ASCO 2013

Sorafenib stalls growth of treatment-resistant differentiated thyroid cancer

Dr Marcia Brose - University of Pennsylvania, Philadelphia, USA

Thyroid cancer is the most common endocrine malignancy and 60,000 patients will be diagnosed in the US this year. There will actually be 1,800 deaths. The majority of those patients actually have the subtype called differentiated thyroid cancer; 80% of them are differentiated thyroid cancer. So the majority of those patients, 90% of them, will do well; they’ll be actually cured and have very long term survival with just surgery and the treatment with radioactive iodine. The problem is what happens with the other 10%. Sadly, patients with progressing disease that eventually becomes refractory to the radioactive iodine, they actually have no therapeutic options. Their survival drops to 2½ to 3½ years. So they don’t do well and the only drug that was ever approved was approved in 1974, about 40 years ago. At that time we thought it was effective but we actually know now that it isn’t, so even that is not an option for these patients.

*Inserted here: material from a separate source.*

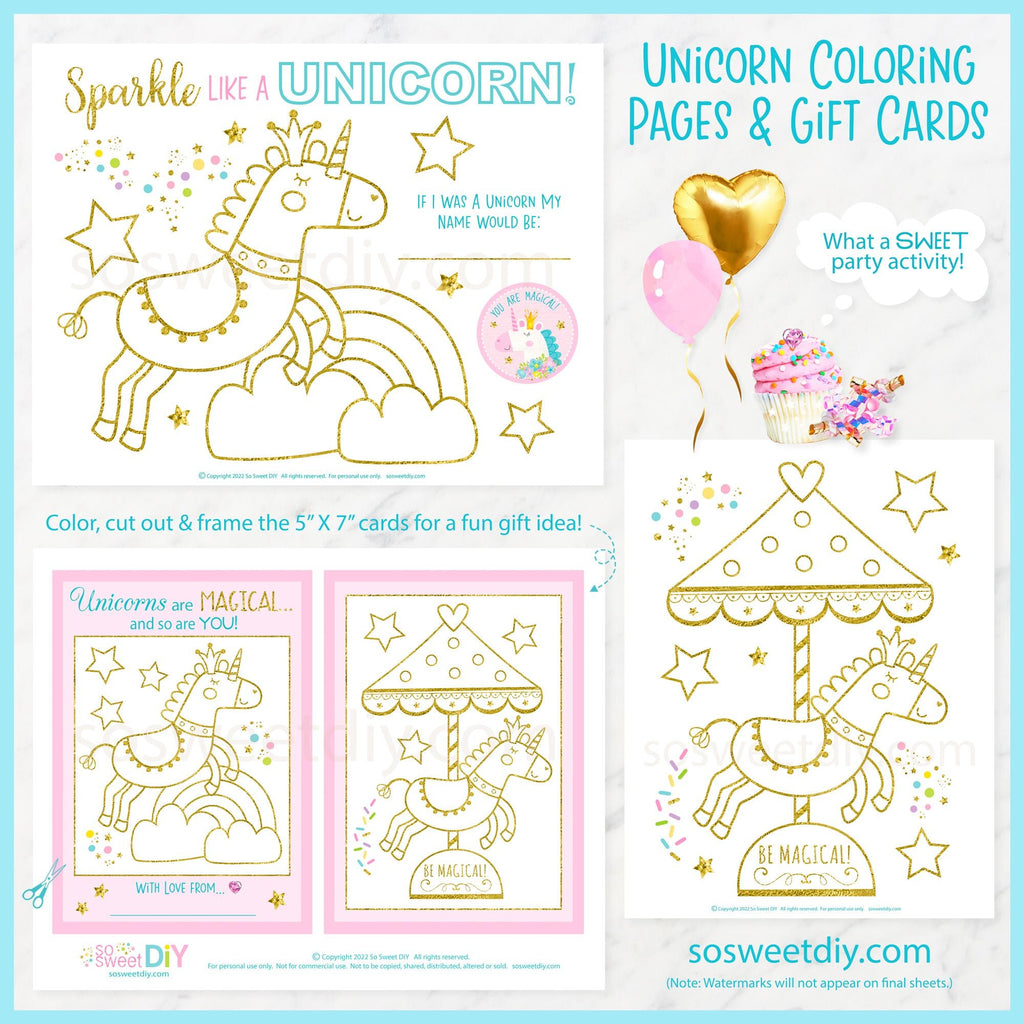Birthday Party Invitation Coloring Pages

Based on data that we have from phase II studies we knew that sorafenib has some activity and that work actually started in 2006. After we saw some activity we were able to convince Bayer and Onyx to say, ‘Listen, we need to get more data because these patients need the drug,’ and a phase III study decision was designed.

The phase III is a double blind randomised placebo controlled trial, 417 patients between the US, Europe and Asia were enrolled. These patients were randomised to receive either sorafenib or receive placebo. Really what we were looking for is what is going to be the progression free survival? Are they actually going to have a longer period when they have control over their tumour or not on this drug? What we found was that the primary endpoint, progression free survival, was reached. It was a positive trial. What we showed is that patients who got the drug sorafenib had 10.8 months progression free survival instead of 5.8 months which was seen in the placebo.

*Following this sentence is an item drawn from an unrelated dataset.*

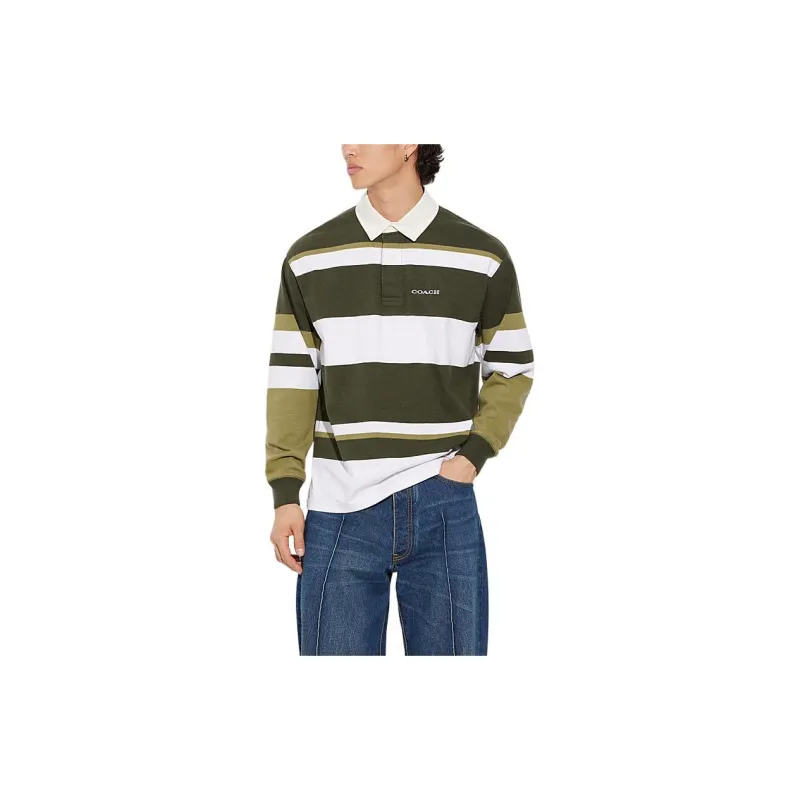 COACH Polo Shirts Men Olive Green-1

So this really was exciting news, it’s a new therapy for a bunch of patients that have really not had any other options. It’s new hope, it’s a rare cancer so these patients really have been forgotten in some ways so it really is very exciting news for them.

How long before it impacts the clinic and what is the next step?

I think it’s already starting to actually impact them. Where possible some patients are starting to get it but really the next step is FDA approval. And with the hope that they’ll approve it this hopefully, once that happens, will rapidly become the first line therapy.